And then there's HR, the criminal group run by dirty cops in the NYPD. After the FBI broke up the group in the last season, HR has been rebuilding itself. They're funding criminal enterprises (some of which overlap with cases Harold and John are working) and generally getting up the mischief that cause problems for Det. Carter (Taraji P. Henson) and Det. Fusco (Kevin Chapman), two associates of our heroes that aid them from within the NYPD. Plus, the FBI is breathing down the necks or our heroes, chasing them at every turn. The police are coming from all sides, and John and Harold have to stay one step ahead if they intend to continue their good work.

Of the two major plot lines the stuff involving the Machine is vastly more interesting. The Machine is a great piece of techno-babble, a device that not only motivates the heroes on their day-to-day lives (get this number tied to this person and then go save them from whatever bad thing is about to happen) but also acts as an overarching force for them to protect. Without the Machine the numbers wouldn't come up and the heroes wouldn't be able to save people (plus, of course, many more terrorist threats would succeed as well). But because the Machine is so powerful, the thought of it ending up in anyone else's hands is a great factor for our heroes, ensuring they have to remain involved, have to try and stop any threats from coming at the Machine.

The show also pulls off a neat trick of actually getting you to care about the Machine. Over the course of the season we get flashbacks to Harold developing it and we see the Machine develop a connection with Harold. He treats it like a child, playing games with it and teaching it how to do things. In return, then, it becomes clear that, however its programming may work, it cares deeply about Harold. Even thought we never actually see the Machine (just see using its "eyes"), it's clearly a character in its own right, a fleshed out (digital) being that's as much a core member of the crew as the living beings that work on the team.

And then the show associates Root with the Machine, showing a different, but no less relevant, connection between them. It re-contextualizes Root as not entirely a villain, not entirely a hero, but something else. The show gets you to care about Root, as much as her methods are seemingly evil, because she cares about the Machine. It's a neat trick, a storytelling slight of hand that works to the show's advantage.

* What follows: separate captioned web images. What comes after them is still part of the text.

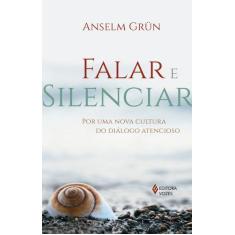 Livro - Falar e silenciar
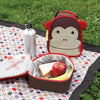 Skip Hop Zoo Lunchie Insulated Lunch bag - Monkey - Lunch & Snack Boxes - Skip Hop - Afterpay - Zippay Carry Them Close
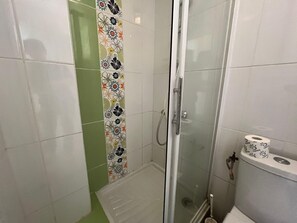 Dusche, Haartrockner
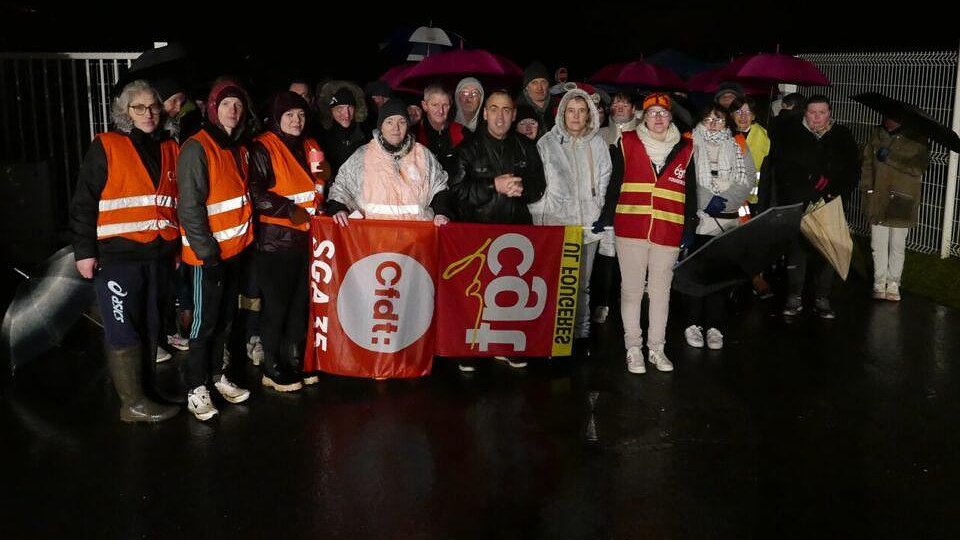 Illustration - Une réaction saine chez Brient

It doesn't hurt that the show also gives the crew a new member for their team: Sameen Shaw (Sarah Shahi). Once an agent for the covert program that hunts down terrorist threats identified by the Machine, Shaw was burned on a mission and turned into a rogue operative. She gets absorbed into the group by the other guys though and, by the end of the season, works as the unofficial third agent on the Machine's team. Sameen adds a different energy to the group, and not just because she's a woman. Shaw is cold and calculating, more vicious and scary than the guys, but the show uses this as a way to contrast her with the group and, as she slowly joins the team, it uses her outsider perspective as an asset. There are things Shaw will do that the guys won't, ideas she can come up with they wouldn't think to follow. Shaw is an asset to the group, a needed force that makes the team feel more complete.

By contrast, the HR stuff still never develops into anything worth caring about. HR is the kind of villain force that always seems to be one step ahead of the heroes no matter what they do or what setbacks the evil organization suffers. It's a faceless group of evil, one that can be said to have its fingers everywhere, to be involved in every criminal organization, without ever showing us the details about it. Supposedly HR is huge, but we only ever see three or four members of the group, so for the audience it's just a lot of boasting without much payoff. Telling without showing, essentially.

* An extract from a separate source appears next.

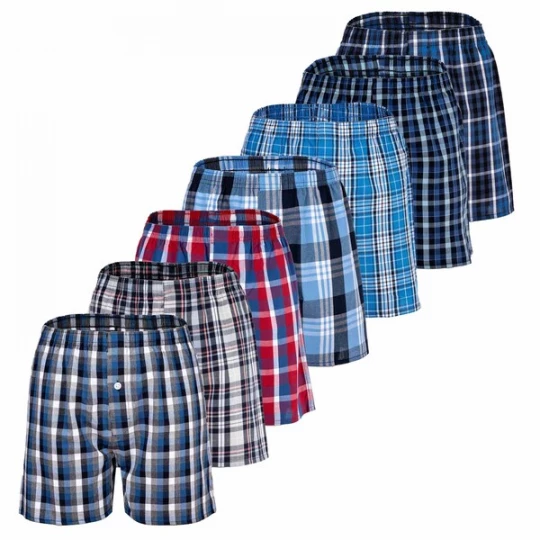 Foto van product Yourbasics Onderbroek gemengde kleuren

I don't know what the show could have done to make the HR plot line more interesting, not while balancing it and the Machine's storyline and the regular cases of the week. Something would have to give, and in essence because there's only so much the series can focus on everything, the HR stuff ends up as so much dangling fodder. I still think it would have been better if the show could have just ditched the HR story and focused on the stuff that matters, but that's a complaint in retrospect. Certainly, when I come to the show to watch it again and again I'm only reminded how big a part of the show HR is when I actually see it on screen. When I go away and think about Person of Interest I tend to forget about HR and its machinations completely.

HR plot line notwithstanding, though, season two of Person of Interest is a stronger season all around. The show begins to double-down on the sci-fi elements, putting the focus of the serialized storytelling, more and more, on the Machine: what it can do, who might be after it, and what the end goal of the series could be. Considering where the show will go in the next three seasons, all the elements of the final story are setup here, you just have to know where to look. Season two does the mean feat of being interesting in its own regard while also setting up the endgame for the show, four seasons out. That's pretty impressive indeed.